Dataset excerpts
* * * * *
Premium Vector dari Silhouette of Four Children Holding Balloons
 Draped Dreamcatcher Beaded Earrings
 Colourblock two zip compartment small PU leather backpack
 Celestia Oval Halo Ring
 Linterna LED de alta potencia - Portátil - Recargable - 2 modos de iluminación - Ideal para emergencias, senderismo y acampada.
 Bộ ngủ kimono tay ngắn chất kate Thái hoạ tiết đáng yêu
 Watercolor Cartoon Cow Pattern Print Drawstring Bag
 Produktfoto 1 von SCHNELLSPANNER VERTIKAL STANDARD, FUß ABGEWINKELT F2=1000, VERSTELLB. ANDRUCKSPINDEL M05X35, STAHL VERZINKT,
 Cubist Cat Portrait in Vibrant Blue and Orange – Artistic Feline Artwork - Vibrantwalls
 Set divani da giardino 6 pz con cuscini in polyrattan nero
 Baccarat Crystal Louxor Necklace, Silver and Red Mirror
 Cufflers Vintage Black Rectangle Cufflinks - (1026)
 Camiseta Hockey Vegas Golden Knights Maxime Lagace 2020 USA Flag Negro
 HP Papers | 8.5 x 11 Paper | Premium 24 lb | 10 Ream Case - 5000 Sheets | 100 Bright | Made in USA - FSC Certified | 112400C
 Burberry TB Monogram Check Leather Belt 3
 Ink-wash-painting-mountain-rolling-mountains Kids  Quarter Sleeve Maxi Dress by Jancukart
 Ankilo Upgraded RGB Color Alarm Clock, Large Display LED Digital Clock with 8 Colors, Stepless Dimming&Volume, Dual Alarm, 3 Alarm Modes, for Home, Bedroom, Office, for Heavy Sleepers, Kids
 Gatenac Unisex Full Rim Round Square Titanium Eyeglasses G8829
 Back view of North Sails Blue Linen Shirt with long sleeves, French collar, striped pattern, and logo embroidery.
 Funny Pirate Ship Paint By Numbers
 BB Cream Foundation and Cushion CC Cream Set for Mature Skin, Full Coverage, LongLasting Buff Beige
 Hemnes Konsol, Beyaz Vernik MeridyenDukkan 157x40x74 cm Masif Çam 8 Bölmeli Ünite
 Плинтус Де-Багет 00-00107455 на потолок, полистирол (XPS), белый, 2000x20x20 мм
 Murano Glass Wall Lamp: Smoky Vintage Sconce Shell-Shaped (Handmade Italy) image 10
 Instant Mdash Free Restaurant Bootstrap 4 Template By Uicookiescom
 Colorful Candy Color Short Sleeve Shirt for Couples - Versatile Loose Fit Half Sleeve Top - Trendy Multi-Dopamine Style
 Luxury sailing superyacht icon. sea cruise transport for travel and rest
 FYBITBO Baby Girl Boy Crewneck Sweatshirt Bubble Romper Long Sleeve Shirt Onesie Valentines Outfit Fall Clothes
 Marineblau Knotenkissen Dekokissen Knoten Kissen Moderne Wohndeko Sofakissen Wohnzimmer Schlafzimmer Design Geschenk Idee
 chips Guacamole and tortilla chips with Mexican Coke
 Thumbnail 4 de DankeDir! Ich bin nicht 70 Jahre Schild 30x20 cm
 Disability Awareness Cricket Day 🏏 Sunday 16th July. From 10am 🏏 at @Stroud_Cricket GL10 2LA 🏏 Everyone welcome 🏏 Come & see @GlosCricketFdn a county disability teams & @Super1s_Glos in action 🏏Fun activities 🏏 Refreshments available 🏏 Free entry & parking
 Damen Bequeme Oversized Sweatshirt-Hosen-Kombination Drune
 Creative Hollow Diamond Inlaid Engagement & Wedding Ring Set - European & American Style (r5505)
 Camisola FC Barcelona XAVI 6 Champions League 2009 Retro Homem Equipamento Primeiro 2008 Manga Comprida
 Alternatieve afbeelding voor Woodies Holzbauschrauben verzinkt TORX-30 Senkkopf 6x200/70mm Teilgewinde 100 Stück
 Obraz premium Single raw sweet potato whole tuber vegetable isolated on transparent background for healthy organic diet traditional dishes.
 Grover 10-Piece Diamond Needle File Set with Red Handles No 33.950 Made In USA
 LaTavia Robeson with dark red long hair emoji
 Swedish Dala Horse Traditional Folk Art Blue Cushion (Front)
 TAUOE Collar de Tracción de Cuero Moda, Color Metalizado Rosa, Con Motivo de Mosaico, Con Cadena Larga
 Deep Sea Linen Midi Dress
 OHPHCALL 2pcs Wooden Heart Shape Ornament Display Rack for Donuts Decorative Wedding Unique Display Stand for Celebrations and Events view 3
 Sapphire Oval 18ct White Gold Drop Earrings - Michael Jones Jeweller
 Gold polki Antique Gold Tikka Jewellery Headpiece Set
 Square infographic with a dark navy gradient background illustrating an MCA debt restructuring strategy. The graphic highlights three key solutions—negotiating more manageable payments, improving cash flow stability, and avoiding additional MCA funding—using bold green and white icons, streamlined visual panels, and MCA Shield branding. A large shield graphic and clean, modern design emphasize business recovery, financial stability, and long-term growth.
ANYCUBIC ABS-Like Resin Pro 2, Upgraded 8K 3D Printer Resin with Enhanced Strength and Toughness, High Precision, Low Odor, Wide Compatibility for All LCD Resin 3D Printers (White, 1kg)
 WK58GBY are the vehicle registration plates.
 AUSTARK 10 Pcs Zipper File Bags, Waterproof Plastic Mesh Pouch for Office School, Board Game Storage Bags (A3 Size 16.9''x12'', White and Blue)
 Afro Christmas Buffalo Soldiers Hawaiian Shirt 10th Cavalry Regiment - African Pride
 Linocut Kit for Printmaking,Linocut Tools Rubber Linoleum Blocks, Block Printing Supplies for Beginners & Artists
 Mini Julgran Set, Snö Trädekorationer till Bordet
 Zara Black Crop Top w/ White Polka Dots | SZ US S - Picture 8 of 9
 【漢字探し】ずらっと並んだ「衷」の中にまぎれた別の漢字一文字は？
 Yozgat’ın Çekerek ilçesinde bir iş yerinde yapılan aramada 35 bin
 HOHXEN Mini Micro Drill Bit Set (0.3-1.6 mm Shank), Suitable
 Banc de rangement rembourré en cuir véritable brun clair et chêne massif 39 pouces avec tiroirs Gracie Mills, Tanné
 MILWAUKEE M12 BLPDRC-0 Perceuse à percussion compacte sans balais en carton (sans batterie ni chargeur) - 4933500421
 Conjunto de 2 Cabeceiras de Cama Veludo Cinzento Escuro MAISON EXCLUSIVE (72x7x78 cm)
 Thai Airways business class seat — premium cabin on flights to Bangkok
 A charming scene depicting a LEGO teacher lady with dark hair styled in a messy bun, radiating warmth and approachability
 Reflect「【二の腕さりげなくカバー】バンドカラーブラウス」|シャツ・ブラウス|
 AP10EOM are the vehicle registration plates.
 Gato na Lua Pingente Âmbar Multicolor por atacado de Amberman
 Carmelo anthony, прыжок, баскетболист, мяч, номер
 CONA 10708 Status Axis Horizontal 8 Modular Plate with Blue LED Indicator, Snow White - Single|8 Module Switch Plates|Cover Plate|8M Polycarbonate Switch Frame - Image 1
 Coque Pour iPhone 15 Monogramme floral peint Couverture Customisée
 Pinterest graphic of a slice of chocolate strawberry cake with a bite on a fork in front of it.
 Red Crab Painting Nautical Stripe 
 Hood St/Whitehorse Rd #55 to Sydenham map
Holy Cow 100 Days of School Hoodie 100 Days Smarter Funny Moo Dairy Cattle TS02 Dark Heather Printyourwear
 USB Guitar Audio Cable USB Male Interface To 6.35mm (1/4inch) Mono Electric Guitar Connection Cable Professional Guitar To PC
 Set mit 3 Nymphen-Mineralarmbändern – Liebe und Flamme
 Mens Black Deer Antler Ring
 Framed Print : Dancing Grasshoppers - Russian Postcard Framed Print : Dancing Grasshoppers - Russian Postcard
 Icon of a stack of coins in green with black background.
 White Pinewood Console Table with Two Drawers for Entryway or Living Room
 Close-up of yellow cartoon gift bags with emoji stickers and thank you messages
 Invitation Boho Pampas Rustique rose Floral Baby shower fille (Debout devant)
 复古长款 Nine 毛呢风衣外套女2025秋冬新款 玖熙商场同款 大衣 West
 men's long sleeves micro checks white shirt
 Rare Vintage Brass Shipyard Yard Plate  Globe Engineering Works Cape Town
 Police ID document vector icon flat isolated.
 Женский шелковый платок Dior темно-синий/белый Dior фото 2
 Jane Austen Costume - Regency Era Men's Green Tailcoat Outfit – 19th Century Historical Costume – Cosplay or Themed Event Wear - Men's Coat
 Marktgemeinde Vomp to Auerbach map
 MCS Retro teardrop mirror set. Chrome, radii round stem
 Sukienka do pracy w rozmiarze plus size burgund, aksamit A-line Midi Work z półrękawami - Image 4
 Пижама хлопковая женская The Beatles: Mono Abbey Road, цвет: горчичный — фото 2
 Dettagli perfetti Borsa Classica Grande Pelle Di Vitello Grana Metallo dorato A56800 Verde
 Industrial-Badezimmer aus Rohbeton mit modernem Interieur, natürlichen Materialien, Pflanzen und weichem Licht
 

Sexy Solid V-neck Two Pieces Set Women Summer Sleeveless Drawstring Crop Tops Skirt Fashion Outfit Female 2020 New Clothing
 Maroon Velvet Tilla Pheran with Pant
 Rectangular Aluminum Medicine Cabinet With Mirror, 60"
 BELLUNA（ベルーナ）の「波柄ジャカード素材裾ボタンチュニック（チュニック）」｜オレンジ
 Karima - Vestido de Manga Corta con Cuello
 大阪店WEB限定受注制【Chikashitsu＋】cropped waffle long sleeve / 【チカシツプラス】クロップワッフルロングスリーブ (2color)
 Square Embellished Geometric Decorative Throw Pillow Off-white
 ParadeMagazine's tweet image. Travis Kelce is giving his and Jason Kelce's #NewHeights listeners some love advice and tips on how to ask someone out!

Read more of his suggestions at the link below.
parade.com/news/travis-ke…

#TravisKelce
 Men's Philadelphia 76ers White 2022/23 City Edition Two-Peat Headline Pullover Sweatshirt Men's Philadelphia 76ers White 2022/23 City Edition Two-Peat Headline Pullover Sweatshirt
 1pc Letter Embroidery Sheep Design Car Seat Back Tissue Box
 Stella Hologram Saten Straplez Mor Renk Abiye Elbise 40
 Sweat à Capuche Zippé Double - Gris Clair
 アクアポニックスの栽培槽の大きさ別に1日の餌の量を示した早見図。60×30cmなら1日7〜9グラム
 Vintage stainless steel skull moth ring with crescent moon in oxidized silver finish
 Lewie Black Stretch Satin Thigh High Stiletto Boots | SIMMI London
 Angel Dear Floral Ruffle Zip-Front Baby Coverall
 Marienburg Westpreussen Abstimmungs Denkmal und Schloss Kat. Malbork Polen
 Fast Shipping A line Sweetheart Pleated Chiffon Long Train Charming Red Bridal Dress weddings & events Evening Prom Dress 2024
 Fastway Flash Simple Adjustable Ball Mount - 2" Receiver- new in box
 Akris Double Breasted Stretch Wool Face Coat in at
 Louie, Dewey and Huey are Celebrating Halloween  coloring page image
* * * * *
Required work
Wherever the word "School" appears in a line of the data above, copy that line.

Solution to this problem
 AUSTARK 10 Pcs Zipper File Bags, Waterproof Plastic Mesh Pouch for Office School, Board Game Storage Bags (A3 Size 16.9''x12'', White and Blue)
Holy Cow 100 Days of School Hoodie 100 Days Smarter Funny Moo Dairy Cattle TS02 Dark Heather Printyourwear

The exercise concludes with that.